* [What needs to be done]: A verbatim copy of all the data is required; the pictures should not appear in it.

* [Data block]:
##############################

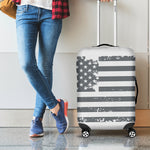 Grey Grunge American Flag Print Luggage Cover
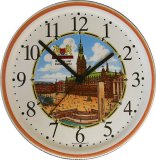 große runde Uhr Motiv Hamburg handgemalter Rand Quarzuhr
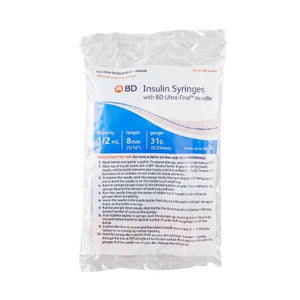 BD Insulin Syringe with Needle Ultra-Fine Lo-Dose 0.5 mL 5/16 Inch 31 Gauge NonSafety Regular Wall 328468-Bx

##############################

* [Solution to this task]:
 Grey Grunge American Flag Print Luggage Cover
 große runde Uhr Motiv Hamburg handgemalter Rand Quarzuhr
 BD Insulin Syringe with Needle Ultra-Fine Lo-Dose 0.5 mL 5/16 Inch 31 Gauge NonSafety Regular Wall 328468-Bx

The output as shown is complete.